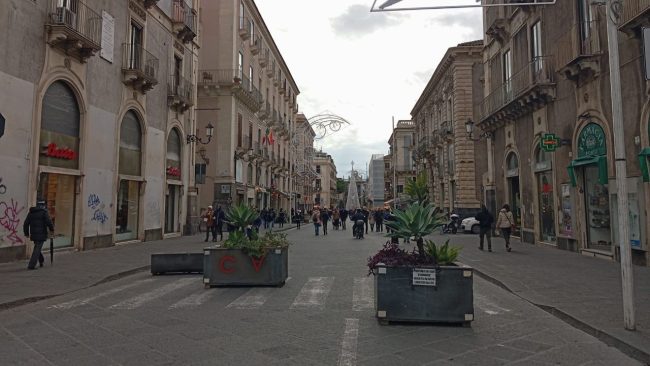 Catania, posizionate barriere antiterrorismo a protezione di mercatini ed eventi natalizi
+===+
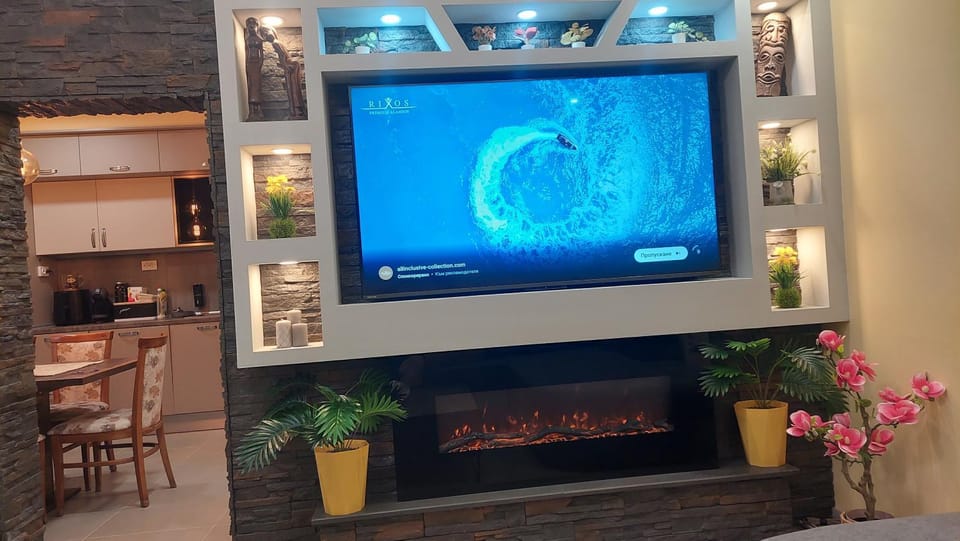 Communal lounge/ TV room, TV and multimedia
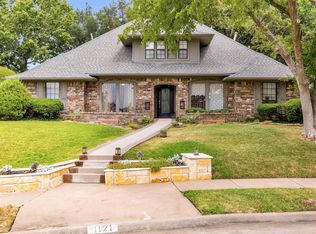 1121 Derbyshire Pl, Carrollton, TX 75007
+===+
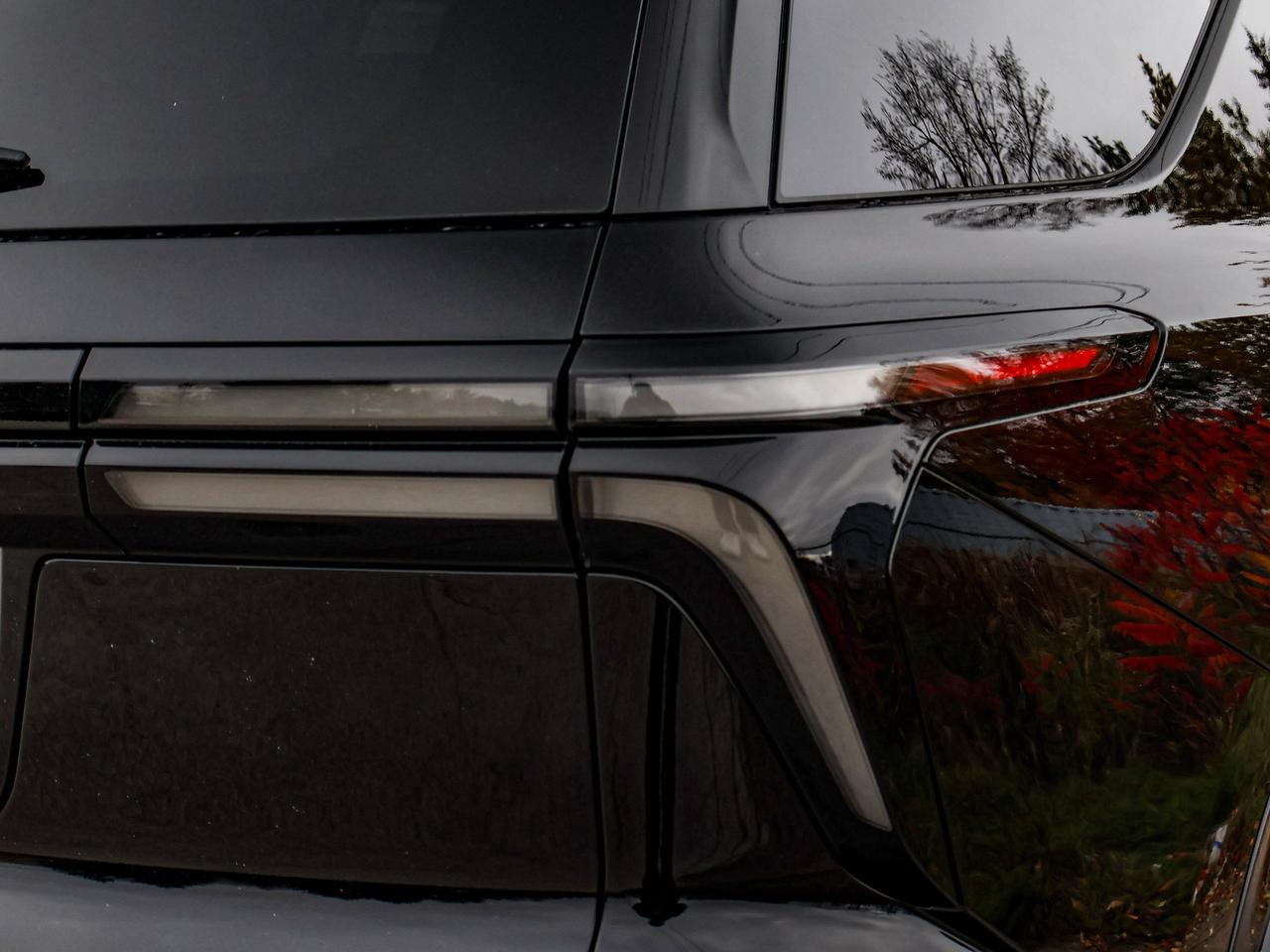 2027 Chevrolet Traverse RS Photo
+===+
*REQUIREMENT*: Only one part of the material above is wanted: the lines from the one with "Communal lounge/ TV room, TV and multimedia" up to and including the one with "1121 Derbyshire Pl, Carrollton, TX 75007". Please copy them exactly, pictures left out.

*TASK RESPONSE*:
 Communal lounge/ TV room, TV and multimedia
 1121 Derbyshire Pl, Carrollton, TX 75007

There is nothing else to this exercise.